29 November 2019 - 05:58 By LIAM DEL CARME
England coach Eddie Jones looks dejected after the Rugby World Cup final. He says he made two selection mistakes.
England coach Eddie Jones looks dejected after the Rugby World Cup final. He says he made two selection mistakes.
Image: REUTERS/Issei Kato

England coach Eddie Jones conceded the accolades and acclaim his team received in the build-up to the Rugby World Cup final against the Springboks proved a distraction his team could have done without.

In his newly released autobiography, Eddie Jones — My Life and Rugby, the wily coach wrote about the challenges of winning the most coveted match in all of rugby.

England ultimately lost the final 32-12 to the Springboks in Yokohama earlier this month.

The pressure, he wrote, is like no other match — and intimated that it even got to Jake White in the build-up to the 2007 final.

“A World Cup final week is different to anything else in rugby. I was about to begin my third, following 2003 and 2007, and I remembered how the pressure turned Jake White inside out when he was in charge of South Africa in Paris,” wrote Jones, who was White’s trusty adviser in the build-up and during the Boks’ successful assault on the trophy in Paris.

“Sitting in the number two seat is easy. My job as Jake’s adviser was to try and take some of the heat away from him. Now it is my turn to deal with the pressure. I know it’s critically important to our preparation that I stay calm.”

Earlier this month Jones found himself in the number one seat as the boss of England as they prepared for the RWC final. He admits finals “can make you do strange things”.

“You can sometimes find yourself jumping at shadows or second-guessing decisions. I have been guilty in the past of working the players too hard in the build-up to big matches. But less is usually more when you’re about to play a fourth major southern hemisphere team in five weeks. We had beaten Argentina, Australia and New Zealand in successive games. South Africa are the most brutal opposition, and so it was felt right that we gave the players more time to recover from what had been an exhausting few weeks,” Jones wrote.

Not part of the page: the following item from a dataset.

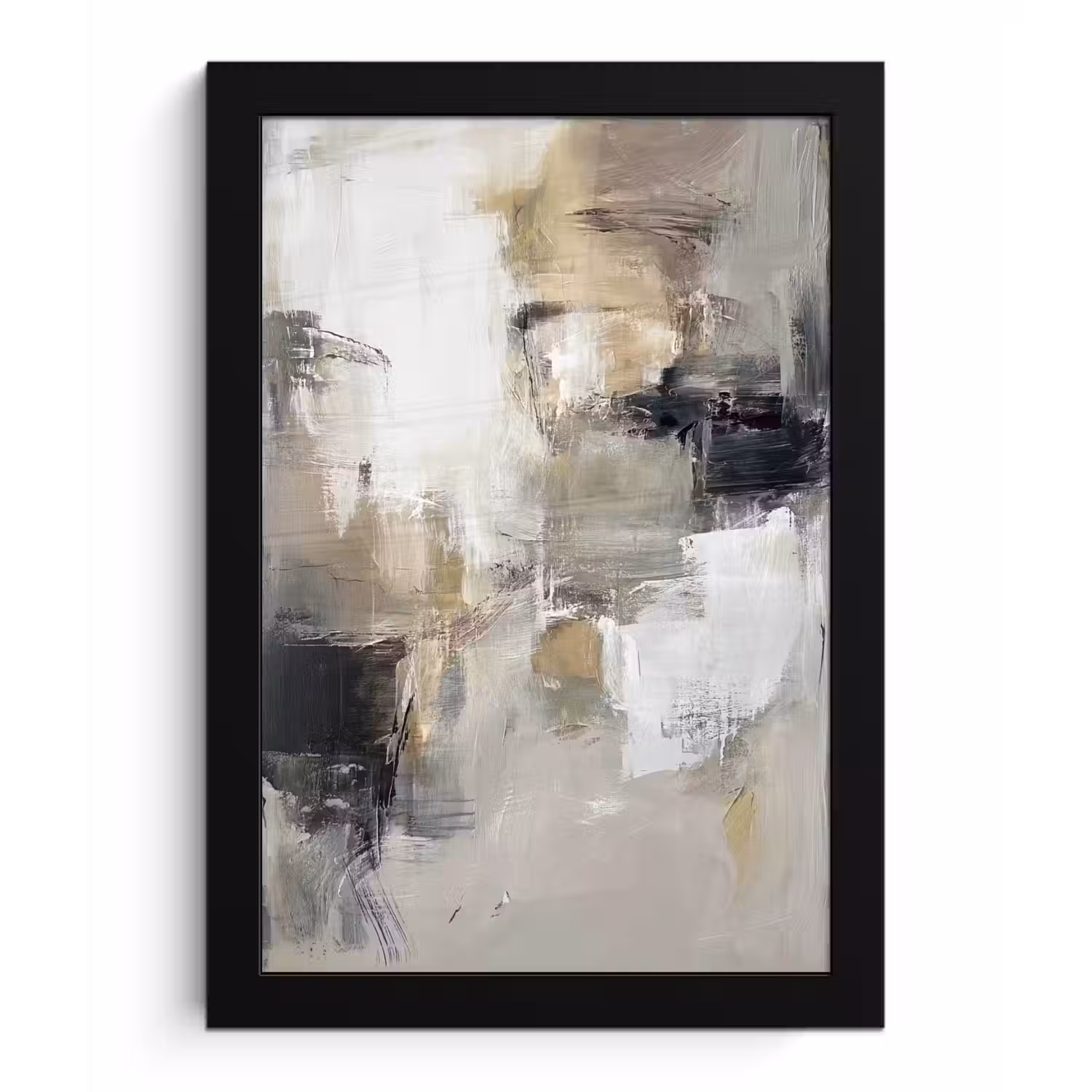Kleurenpalet - Penseelstreken - Beige - Nevelig fotolijst zwart zonder passe partout klein -3d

England went into this year’s final after delivering a performance of fist-thumping authority in the semifinal against a shell-shocked New Zealand. Most pundits installed them favourites for the final, while others better schooled in the history of the RWC cautioned that teams rarely deliver back-to-back performances of that kind of quality in rugby’s showpiece event.

On that score, Jones admits to being riled by Wales coach Warren Gatland’s comments following the Dragons’ semifinal defeat to the Springboks. Gatland suggested that some teams play their best game at a RWC in the semifinal and that they don’t always turn up for the final.

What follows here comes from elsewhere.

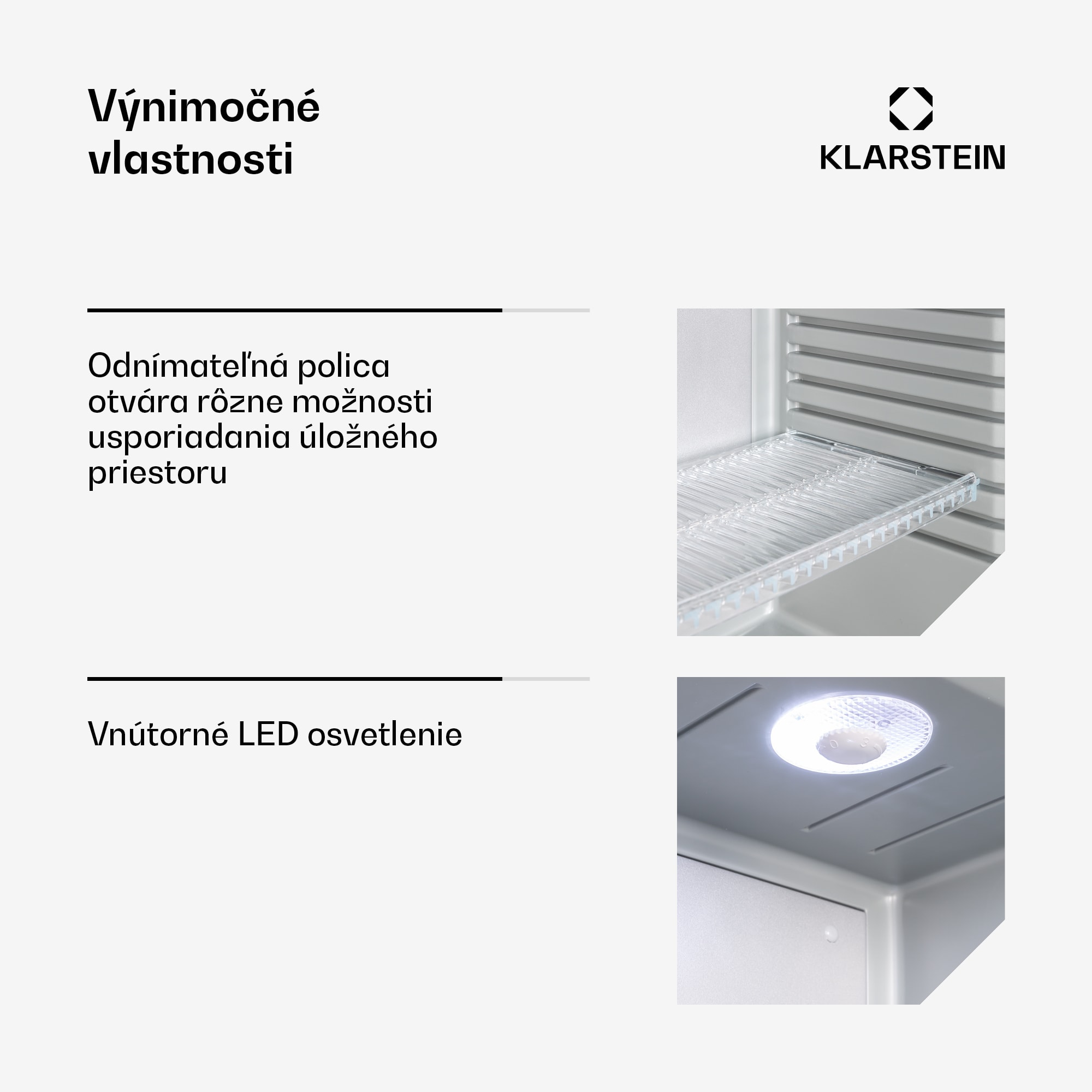 Klarstein Brooklyn 24, mini chladnička, so sklenenými dverami, LED osvetlenie, police – Obrázok 4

Earlier in the year after Wales beat England, Gatland said England struggle to win big games. Jones admitted in hindsight that there was some truth in Gatland’s comments.

“There is also the psychological challenge after the kind of big win we achieved against the All Blacks,” Jones asserts in his book.

“While we played well, I thought the analysis was a bit over the top. Everyone was slapping us on the back, saying how fantastic we were, how it was the best ever performance by an England team and the best ever win at a World Cup. The praise was everywhere. The challenge is to bring the players back to reality. Bring them down to lift them up again.”   

Despite the hype around the final being cranked up with a surge in flights from the UK to Japan and reports of some tickets being sold for £12,000 (R227,500), Jones believes his team kept their eye on the ball.

“Our preparation was solid. Clearly, it still wasn’t good enough because, ultimately, you judge the preparation by the game’s result. But in terms of the way we trained, behaved, and looked forward to the game, it felt good.”

Although his team was relaxed, there was no complacency.

“They’ve got a history of being the most physically intimidating team in the world and they have a massively aggressive forward pack,” he wrote about the Bok pack.

“There are not many Springbok teams that don’t come through the front door. So we’ve got to be ready at the front door and have enough cover at the back door, too. Rassie (Erasmus) is a cunning coach and had done a great job with the Springboks. We’ve prepared for the unexpected as they are going to be difficult to beat.”

Eddie Jones — My Life and Rugby is published by Pan Macmillan at the recommended price of R330.